SalesforceIQ Senior Site Reliability Engineer|
SalesforceIQ is built to power the world's customer relationships with products they love . Our relationship intelligence platform reimagines how sales organizations can automate their businesses by capturing and processing the millions of digital signals sent every day. Constructing delightful solutions from a sea of data and complexity is what we do. Our team moves with the speed, independence, and culture of a startup, but with the full support of a rapidly growing Fortune 500 business. We believe strongly in empowering engineers to create elegant and beautiful solutions for our customers: we push code daily, prize unique ideas, and take the time to enjoy the moments along the way.
Senior Site Reliability Engineers at SalesforceIQ are hybrid software/systems engineers who ensure that SalesforceIQ's services run smoothly and have the capacity for future growth. You will be responsible for managing our production services and will be working very closely with developers and other Ops teams to ensure reliability, scalability and performance of our cloud infrastructure.
- Develop and deliver configuration and deployment automation required for improving the functionality, availability, and manageability of our microservices using Python or Ruby and configuration automation tools such as Puppet, Chef, or Ansible.

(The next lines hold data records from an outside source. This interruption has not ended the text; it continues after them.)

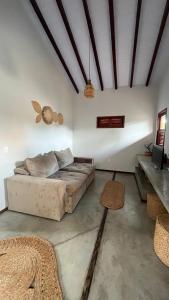 a living room with a bed and a table at Casa Vivienda - Barra Grande in Barra Grande +57 photos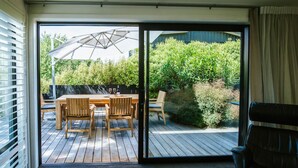 Een open glazen schuifdeur die leidt naar een terras met een houten tafel en stoelen, een pergola en uitzicht op een tuin en bomen.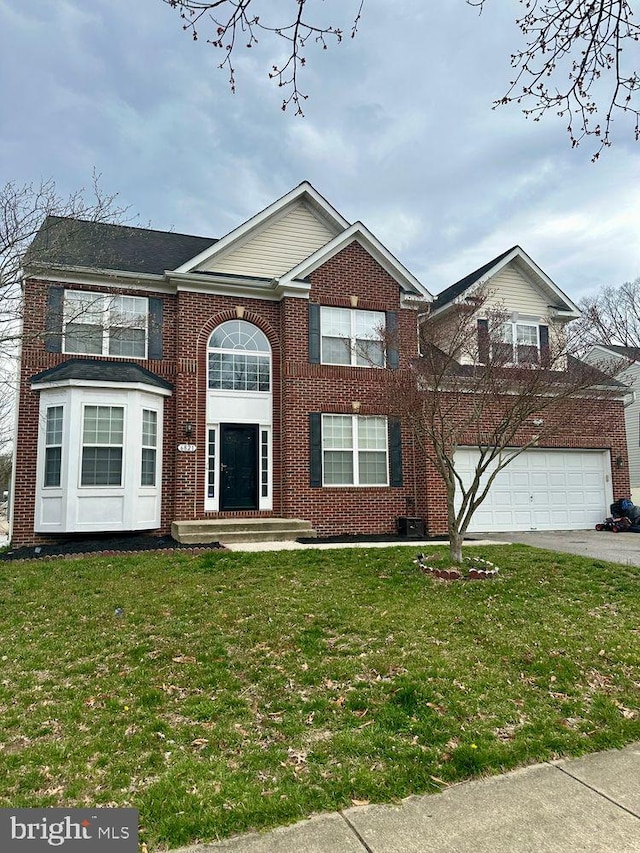 view of front of home with an attached garage, a front lawn, and brick siding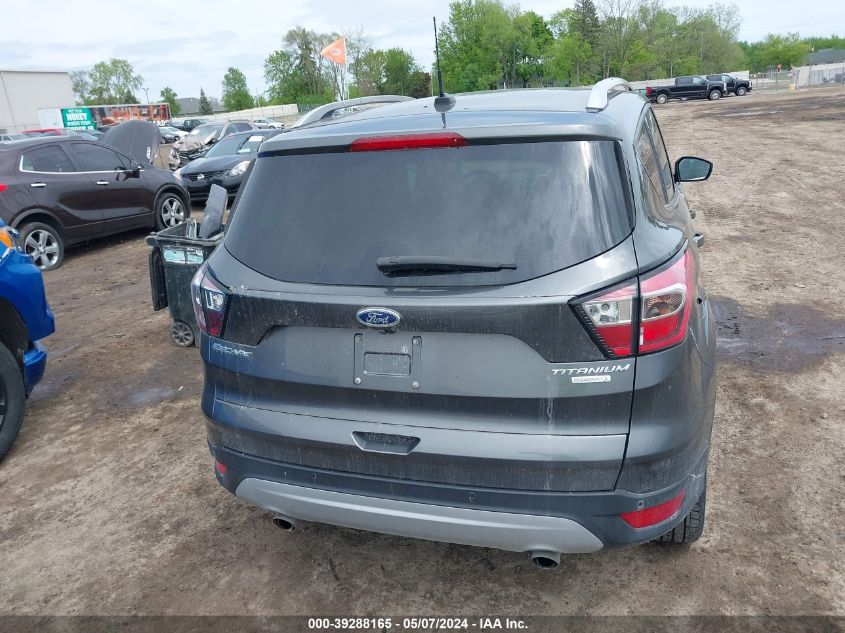 2017 Ford Escape Titanium VIN: 1FMCU0J97HUD38882 Lot: 39288165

- Build infrastructure and application monitoring by gathering application and system metrics and implement tools for recoveries.
- Troubleshoot availability/performance problems and build software-based solutions to prevent recurrences.
- Define and evangelize cloud-related optimizations and best practices to improve reliability and performance.
- Perform code reviews, evaluate implementations, and provide feedback about potential tool improvements.
- Partake in an on-call rotation alongside the engineers.
- BS in Computer Science (or equivalent experience) or equivalent practical experience.
- Minimum 4 years experience in production service troubleshooting that spans applications, systems and network.
- Experience building systems on cloud technology (AWS, GCE, Rackspace, Openstack).
- Experience with queuing/data-pipelining solutions (Kafka, Storm, Flink, Spark, Amazon Kinesis, etc).
- Configuration management experience with one or more configuration management tools such as Puppet, Chef, Ansible.
- Experience with container technologies and orchestration layers (Docker, Vagrant, Mesos, Marathon, etc).
- Demonstrated coding skills, preferably in Python, Ruby, Java.
- Demonstrable knowledge of UDP, TCP/IP, HTTP, distributed systems.
- Solid understanding of application design, including the operational trade-offs of various designs.
- Experience working in Unix/Linux operating systems and shell scripting.
- Excellent analytical skills, coupled with a strong sense of ownership, urgency, and drive.
- Ability to work independently and collaboratively with multiple partners.
- Comfortable with Agile methodologies and working within small teams.